Nella provincia di Ancona è nascosto un gioiello
L’anfiteatro romano di Suasa è situato ai limiti del pendio collinare che cingeva a oriente la città, asservito dalla viabilità che tagliava ortogonalmente quella principale a nord del Foro. Si trovava al margine di un settore della città occupato da complessi pubblici e privati di elevato tenore architettonico: Foro, Domus dei Coiedii, Teatro.
Di forma elittica è per dimensioni uno dei maggiori delle marche: asse maggiore 98,7 m. (333 piedi); asse minore 77,2 m. (260 piedi). La sua imponenza ne ha garantito da sempre la riconoscibilità ed è forse il solo monumento di Suasa che da sempre è stato visibile, anche quando la città dopo l’abbandono si era interrata.

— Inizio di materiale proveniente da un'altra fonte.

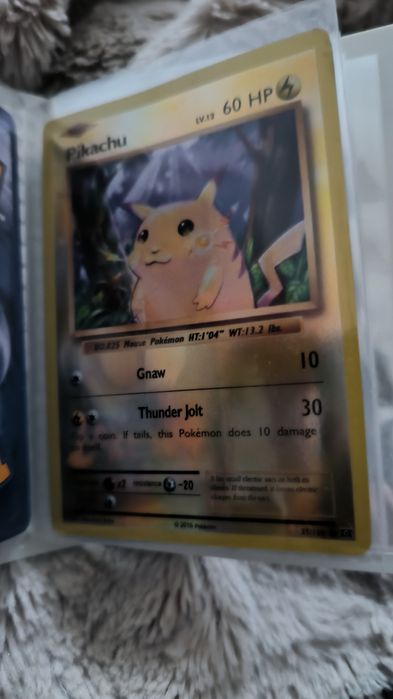 Vând cartonașe pokemon reale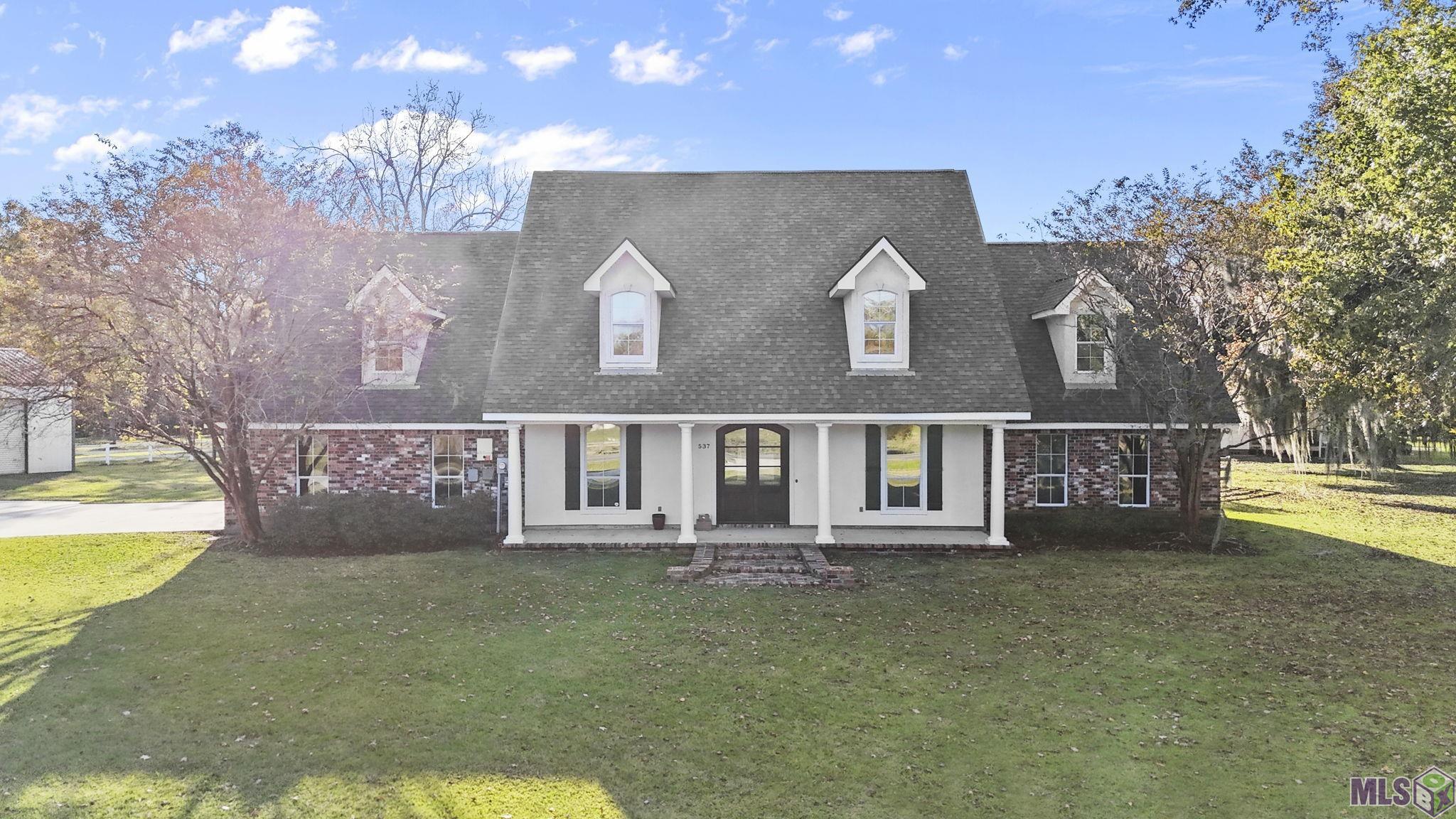 537 West Main Street Gonzales, LA 70737 - Photo 1 of 44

Dai primi anni sessanta del novecento la Soprintendenza per i Beni Archeologici delle Marche effettua con regolarità campagne di scavo e di restauro che stanno via via restituendo la piena riconoscibilità al monumento. Per la costruzione dell’anfiteatro si è sfruttata, almeno per il settore orientale, il naturale pendio collinare su cui giace, sfruttandolo come appoggio per le gradinate.
L’anfiteatro aveva otto accessi (vomitoria) che permettevano l’accesso all’arena (ingressi principali) e ai vari ordini di gradinate. Gli ingressi erano coperti da volte di cui restano ampie testimonianze e i due principali, posti all’estremità dell’asse lungo, erano costituiti da una galleria principale affiancata da due laterali più strette. Di particolare interesse è la soglia ben conservata tra l’ingresso principale meridionale e l’arena, così come il sistema di gradinate di accesso al corridoio posto sul podio.
La vasta spianata ellittica dell’arena era cinta da un alto podio realizzato con una cortina di filari di laterizi alternati a filari di blocchetti di calcare locale bianco e rosa la cui sommità è occupata da un corridoio pavimentato con lastre di calcare bianco.
Al di sopra si conservano ampi tratti dell’ ima cavea, il primo giro di gradinate, formata da tre gradini-sedili rivestiti di calcare, alle spalle dell’ultimo gradino c’era la praecinctio, uno spazio che delimitava l’ ima cavea dalla media cavea, quest’ultima cinta da un basso muretto rivestito di lastre calcaree, raggiungibile con scalette a gradini lapidei.
Nella media cavea mancano tracce di gradinate in muratura, è probabile dunque che fossero costruite in legno appoggiate in parte sul terrapieno di riempimento (lato occidentale) o direttamente sulla scarpata di scavo (lato orientale). Anche l’ultimo ordine della gradinata, la summa cavea, doveva essere costruita in legno.
Anche quest’anno riparte la campagna nazionale de “i luoghi del cuore del FAI” che consente a tutti di votare via web i luoghi di maggiore interesse storico e culturale a cui sono più legati perché ricevano dei fondi per ritrovare il loro antico splendore, proprio come è successo all’anfiteatro di Suasa, altro luoghi dell’immenso patrimonio artistico del bel paese potranno ricevere fondi per la ricostruzione e le opere di manutenzione straordinaria.